Background: The administration of first-line pembrolizumab monotherapy or pembrolizumab combined chemotherapy has been shown to improve survival among patients with recurrent or metastatic head and neck squamous cell carcinoma (R/M HNSCC). However, over 80% of the patients still experience disease progression within a year. Upon progression, treatment options are notably limited. Therefore, there is a dearth of a standardized treatment for R/M HNSCC after the failure of PD-1 (L1) inhibitors and/or platinum-based therapy. This study aims to assess the safety and efficacy of AK117 (anti-CD47) combined with Cetuximab or AK104 (PD-1/CTLA-4 Bispecial Antibody) in this patient subset.
Methods: This is a non-randomized, two-group, phase II study. The inclusion criteria include: 1) Pathological or radiological diagnosis of R/M HNSCC (including oral cavity, oropharynx, larynx, and pharynx) and cannot be cured by local treatment; 2) Failure of PD-1 (L1) inhibitors and/or platinum-based therapy; 3) Eastern Cooperative Oncology Group (ECOG) Performance Status (PS) 0-1 and expected survival ≥3 months.
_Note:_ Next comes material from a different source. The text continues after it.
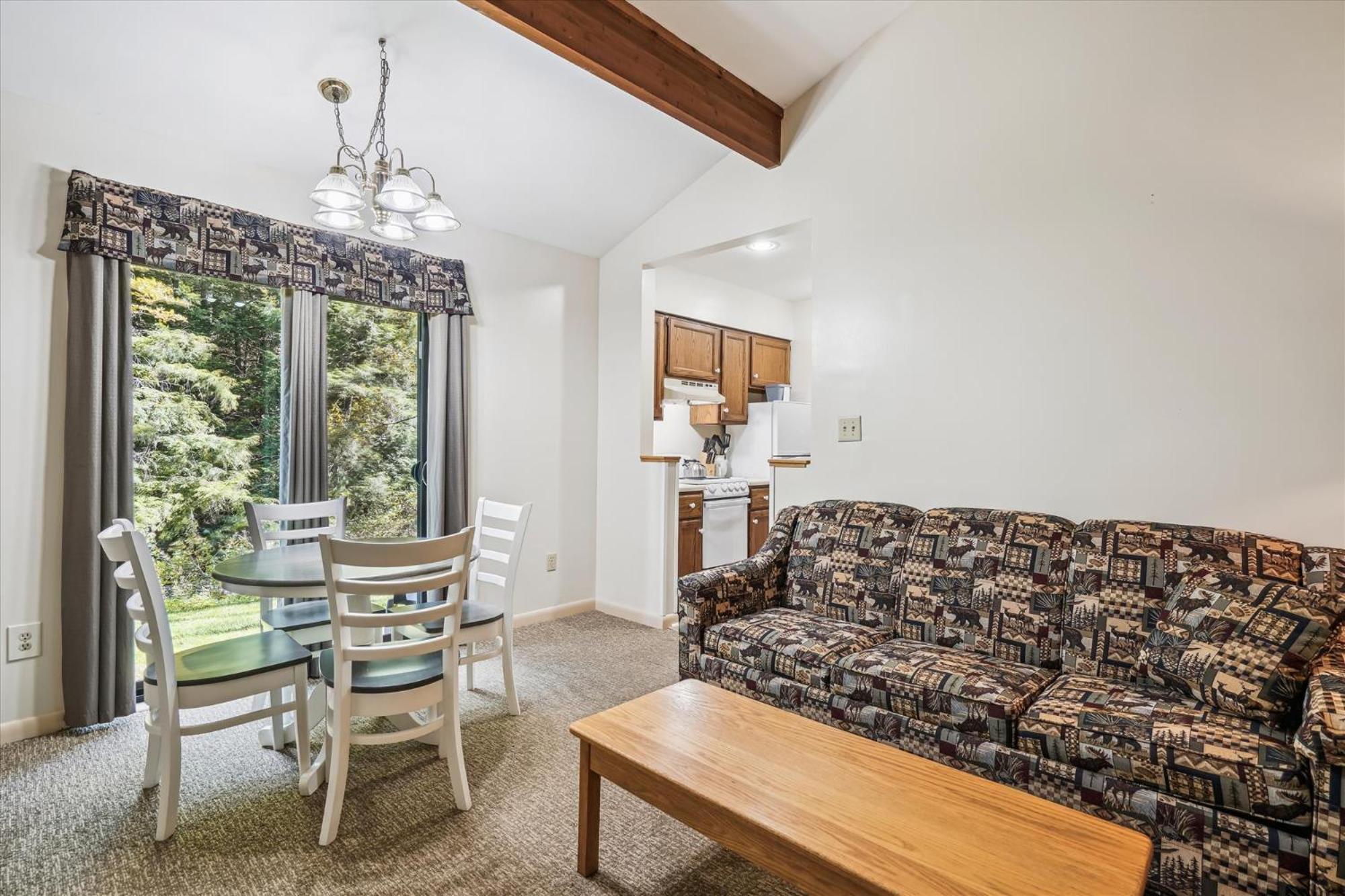 Cedarbrook Queen Suite 106 Killington Eksteriør bilde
Key exclusion criteria are active autoimmune diseases, use of immunosuppressive drugs, or any severe or uncontrolled systemic disease. We group the patients based on the duration of first-line PD-1 (L1) inhibitors from start to failure (Group 1: the duration ≤ 3 months; Group 2: the duration > 3 months). Group 1 patients receive AK117 (45mg/kg, day 1, every 3 weeks) in combination with Cetuximab (initial dose 400mg/m
2, subsequent doses of 250mg/m
2, day 1, every week) maintained for one year or until progression or intolerable toxicity occurred. Group 2 patients are treated with AK117 (45mg/kg, day 1, every 3 weeks) in combination with AK104 (10mg/kg, day 1, every 3 weeks) maintained for one year or until progression or intolerable toxicity occurred. The primary endpoints are incidence of adverse events and overall survival. Secondary endpoints are objective response rate, progression free survival, disease control rate, and duration of response.